### Available data
=== Section Start ===

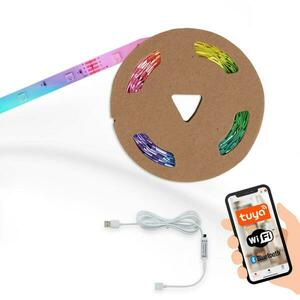 BRILONER USB Smart RGB LED pásek s hudebním senzorem 500 cm 0, 05W bílé BRILO 2309-150 obraz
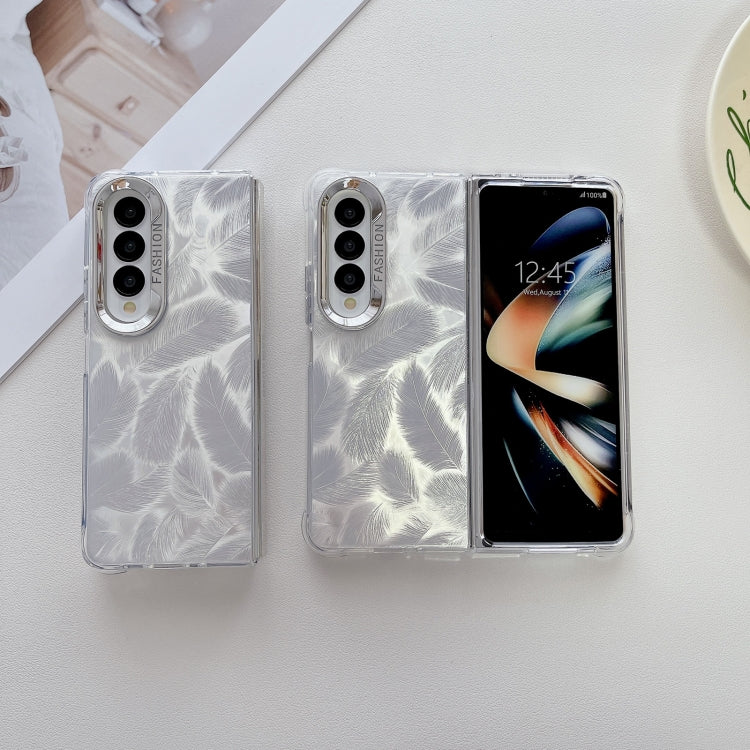 For Samsung Galaxy Z Fold3 5G Electroplating PC Airbag Shockproof Phone Case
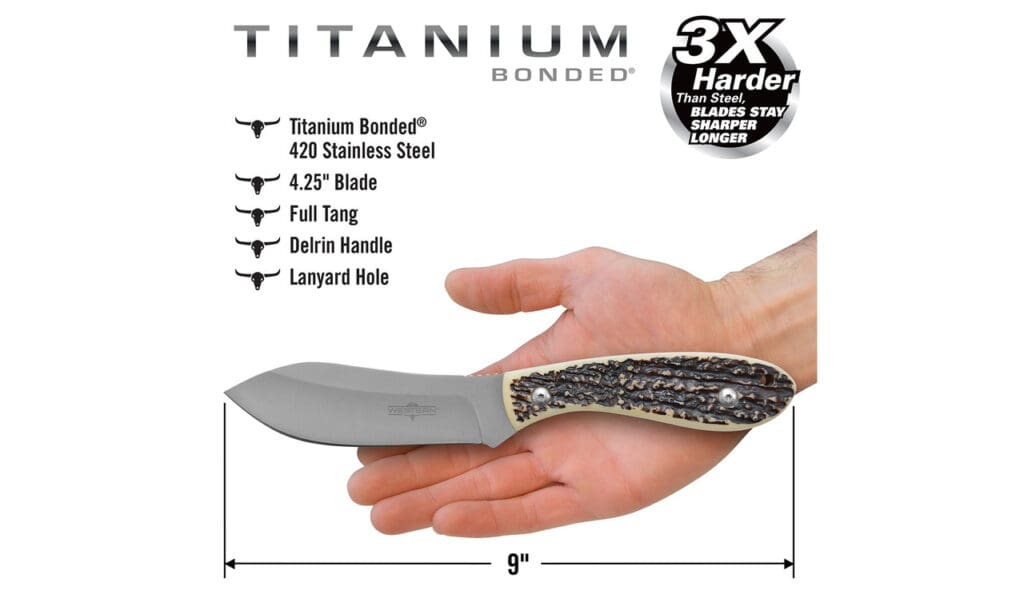 Western Crosstrail 9" Fixed Blade Knife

=== Section End ===

In the copy, include exactly the lines from the one with "For Samsung Galaxy" through the final line of the data, both ends included, and no pictures.

### Exercise answer
 For Samsung Galaxy Z Fold3 5G Electroplating PC Airbag Shockproof Phone Case
 Western Crosstrail 9" Fixed Blade Knife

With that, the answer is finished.